[Tracy Park by Mary Jane Holmes]@TWC D-Link bookTracy Park CHAPTER X 5/9
The hands, small and dimpled like those of a child, were clasped around a prayer-book and a bunch of wild flowers which had evidently just been gathered.
It was a marvelously beautiful face, pure and sweet as that of a Madonna, and the workmen involuntarily bowed their heads before it, calling it, not without some reason, a memorial window, for the name Gretchen was under the picture, and one unconsciously found himself looking for the date of birth and death.

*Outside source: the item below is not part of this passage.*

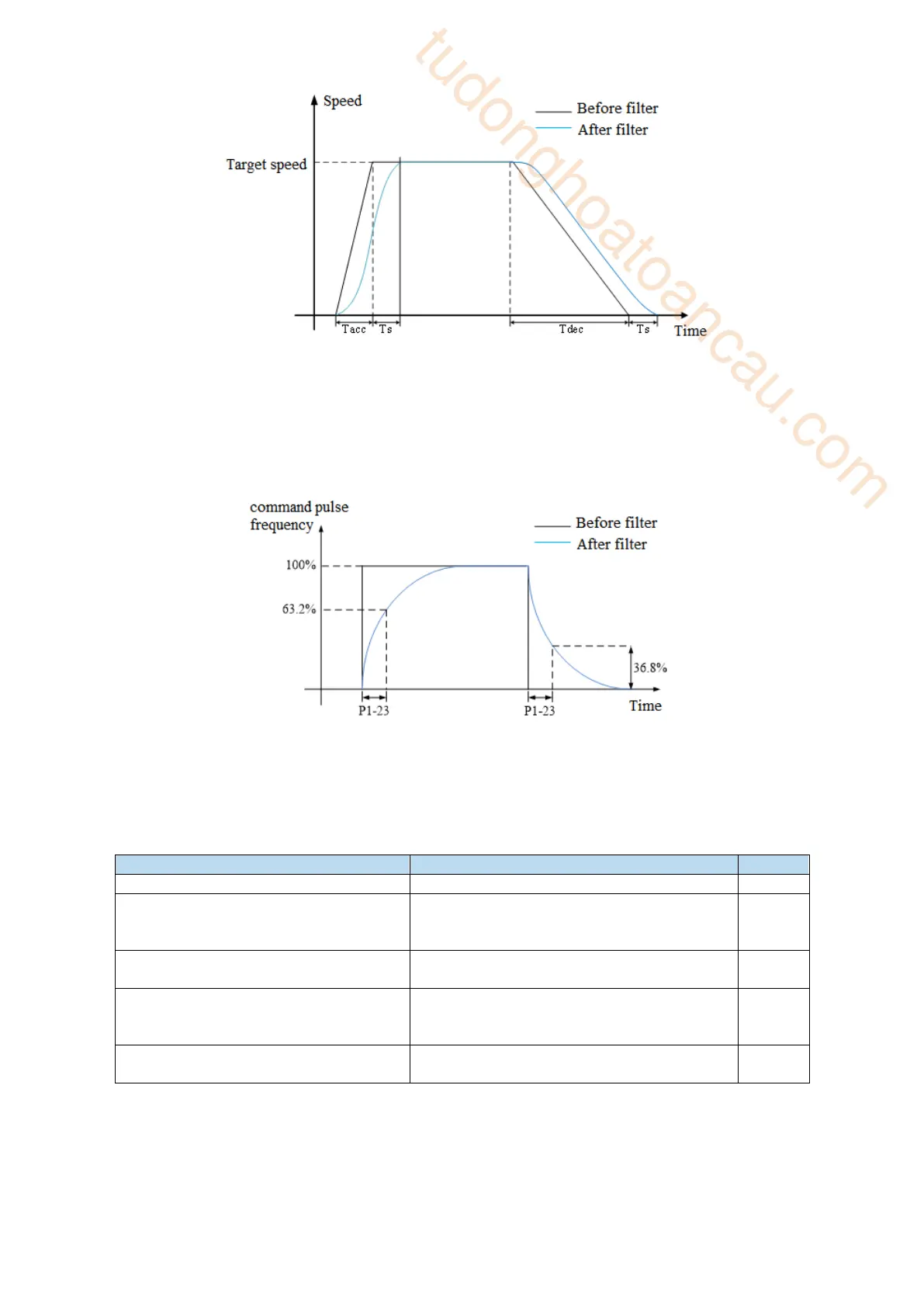 Page #110 background image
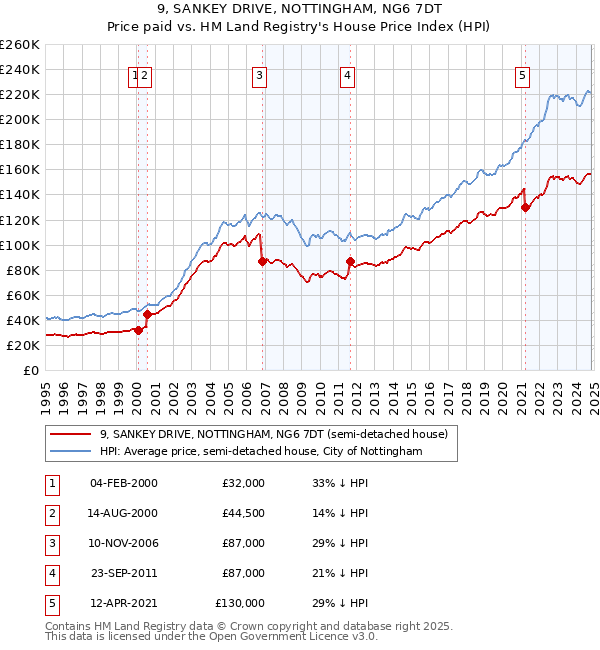 9, SANKEY DRIVE, NOTTINGHAM, NG6 7DT: Price paid vs HM Land Registry's House Price Index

But only the one word 'Gretchen' was there, with no sign to tell who she was, or where, if living, she was now, or what relation she bore to the strange man who often stood before her whispering to himself: 'Poor little Gretchen! Will you never come ?' For a few days after the rooms were completed, they were thrown open to such of Arthur's friends as cared to see them, and the question 'Who is Gretchen ?' was often asked, but the answer was always the same: 'She is Gretchen.
I am expecting her every day.' But if he were expecting her, he no longer asked that the carriage be sent to meet her.
That had been one of the proofs of his insanity as alleged by his brother, and Arthur was sane enough and cunning enough to avoid a repetition of that offence, but he often went himself to the station, when the New York trains were due, for it was from the west rather than the east that he was now looking for her. Frank, who watched him nervously, with all his senses sharpened, guessed what had caused the change and grew more nervous and morbid on the subject of Gretchen than ever.